Se acostumbra a distinguir entre toponimia mayor y toponimia menor, atendiendo a criterios geográficos. Ambos términos han sido mencionados anteriormente, pero sin duda requieren mayor concreción conceptual. Todavía es motivo de debate entre los especialistas la conveniencia o no de realizar esa clasificación basada en criterios extralingüísticos, y se discute si los adjetivos "mayor" y "menor" son apropiados para los topónimos. Desde el punto de vista lingüístico, hay quien opina que dichos conceptos son totalmente relativos y subjetivos, sin límites absolutos, dado que los topónimos en sí no son mayores ni menores (Hernández, 1994). Además, no hay unanimidad en cuanto a la aplicación de ambos conceptos. Así, algunos investigadores entienden por toponimia mayor exclusivamente "el conjunto de denominaciones de núcleos de población -sin necesidad de mayor especificación-, en contraposición con la toponimia menor, que engloba todas aquellas designaciones de cualquier tipo de despoblado" (García, J. J., 2004). Otros, en cambio, extienden ese concepto a los grandes ríos. Por último, otros especialistas incluyen en esa categoría montañas y accidentes considerables del terreno, dejando para la toponimia menor los nombres de heredades, fuentes, caminos, etc. A pesar de esa falta de unanimidad, los términos toponimia mayor y toponimia menor siguen siendo muy utilizados a la hora de clasificar los materiales toponímicos y al realizar monografías locales.

Con todo, no hay duda que cuanto mayor es la extensión geográfica que abarca un topónimo éste resulta más inmutable, es decir, más duradero y antiguo.

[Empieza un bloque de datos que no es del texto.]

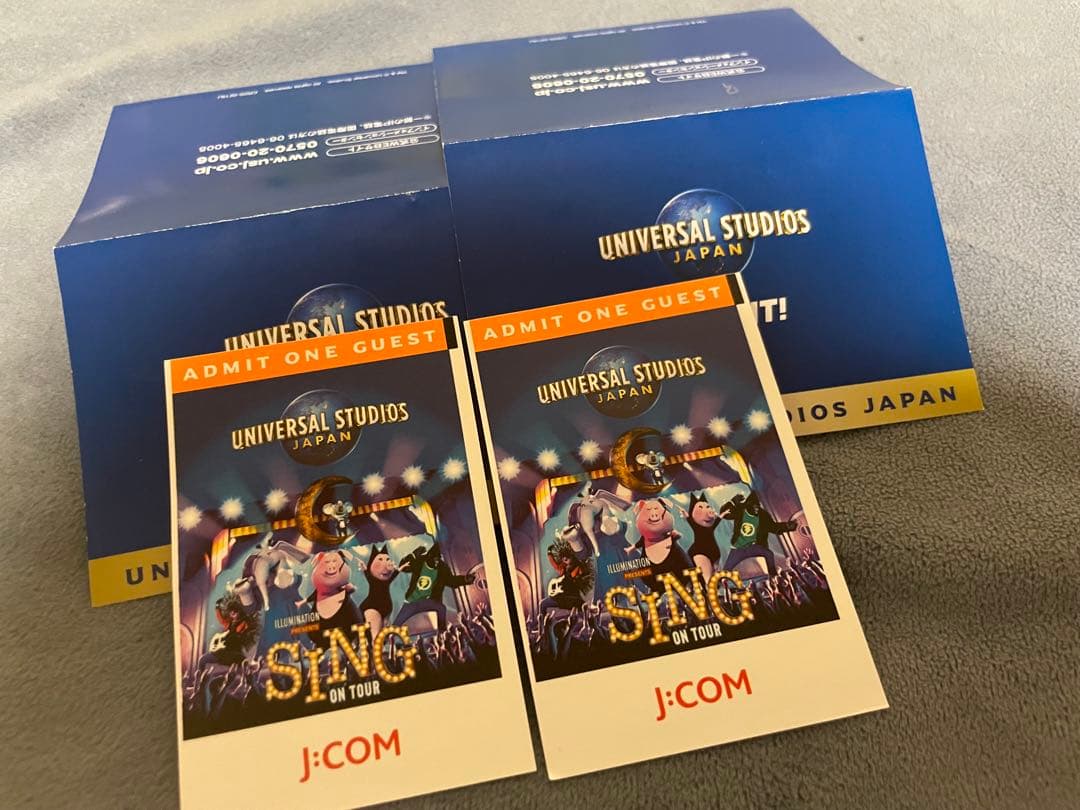 USJ ユニバーサルスタジオジャパン 入場券 大人2名分 2025年3月6日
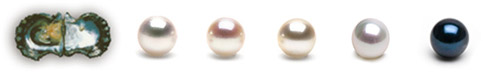 Akoya pearls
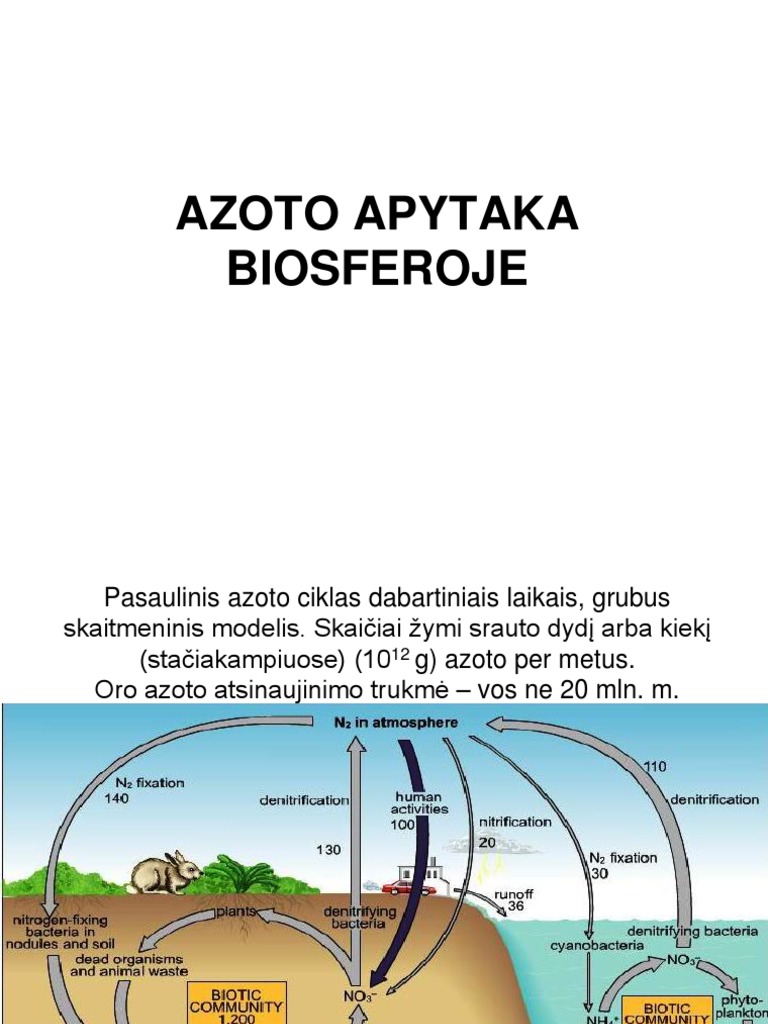 12 - Azoto Apytaka | PDF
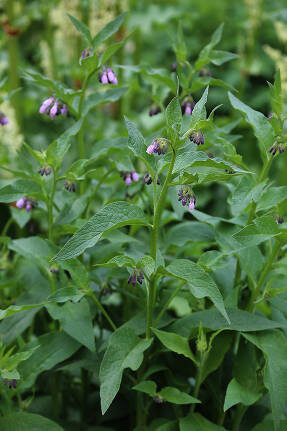 Окопник лекарственный (Symphytum officinale)
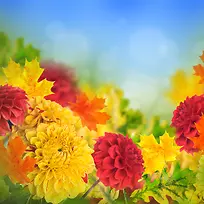 秋天树叶花朵背景-空若网 秋天树叶花朵背景-空若网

En efecto, los topónimos mayores, al denominar núcleos de población y accidentes principales, están en la mente de muchos hablantes, lo que garantiza su uso y perdurabilidad. Por el contrario, los topónimos menores pueden ser fácilmente abandonados y sustituidos, ya que designan lugares de reducida extensión, a veces muy poco frecuentados y, por tanto, usados por un número limitado de hablantes. Además, la configuración y uso de la tierra y una nueva organización agraria propician esos cambios de nombres. Nacen espontáneamente, se difunden con rapidez, y son reflejo del léxico popular del lugar, porque en ellos se plasma fielmente la vida y actividad de un pueblo.

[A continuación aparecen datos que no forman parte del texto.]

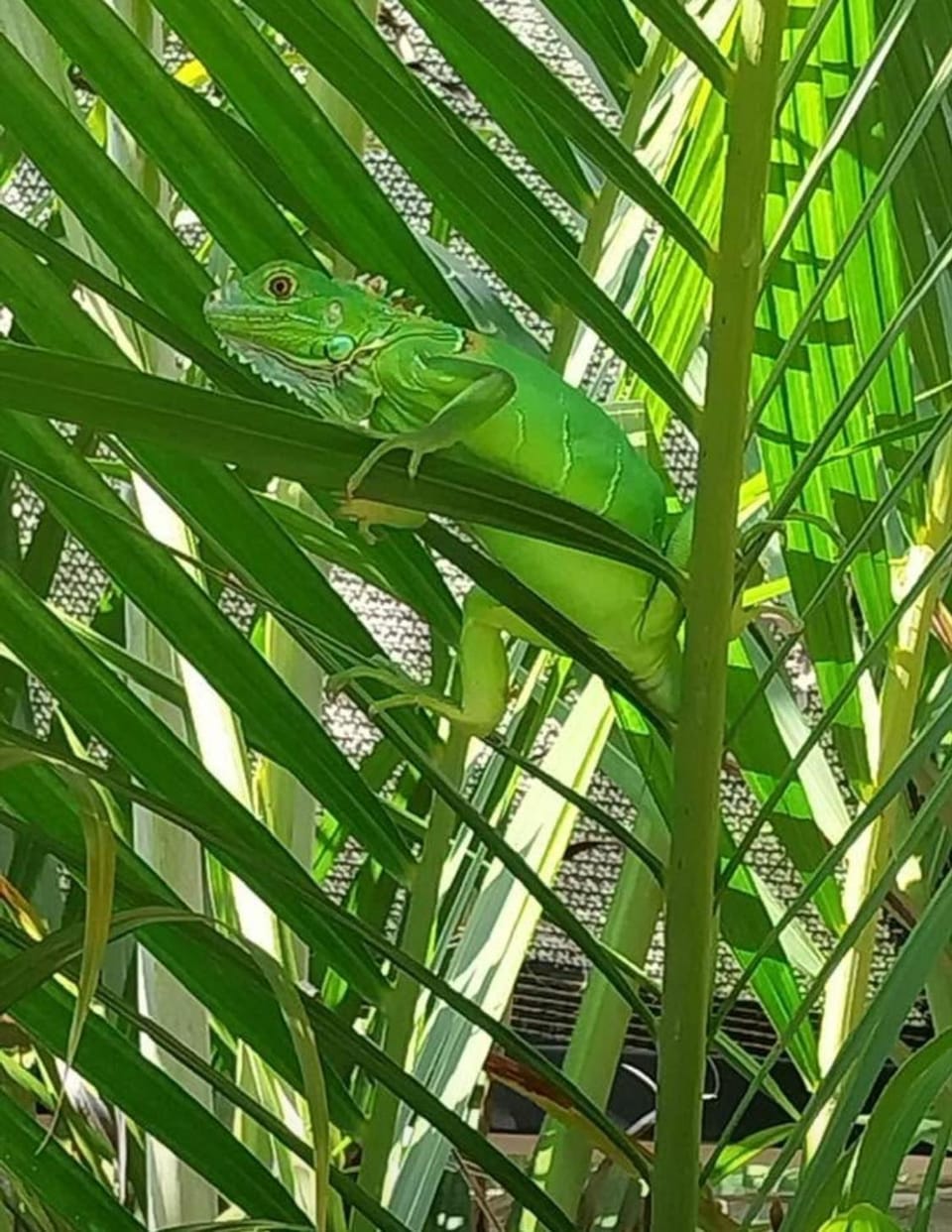 Casa Maloya alberca y vista al mar Villa in Brisas de Zicatela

Todo eso hace que los estudios toponímicos aporten mucha y variada información, también para conocer aspectos diacrónicos de las lenguas. Por ejemplo, constituye una fuente de conocimiento insustituible y especialmente útil en ámbitos geográficos donde se han producido fenómenos de sustitución lingüística. Tal es el caso de gran parte de Álava y Navarra, territorios en los que la lengua vasca ha sufrido una fuerte regresión a lo largo de la historia. Aunque los datos a los que se puede acceder por esa vía son siempre limitados, la toponimia consigue aclarar muchos aspectos fonéticos y fonológicos de una concreta variedad dialectal, así como de la morfología y de la semántica. Además, mediante la toponimia se puede llegar a determinar con bastante precisión por dónde discurrían los límites geográficos del euskera y del castellano en siglos pasados y la regresión y expansión social de ambas lenguas (Salaberri, 1994).

Asimismo, los estratos más antiguos de la toponimia puede arroja luz sobre la situación de la lengua vasca en ámbitos geográficos exteriores al País Vasco, tales como Gascuña, Aragón, La Rioja y Burgos. Acerca de esta materia no faltan estudios de gran interés. Entre ellos siguen siendo obras de referencia El vascuence en La Rioja y Burgos (1962), de Merino Urrutia, y Cuestiones de toponimia vasca circumpirenaica (1987), de Irigoien.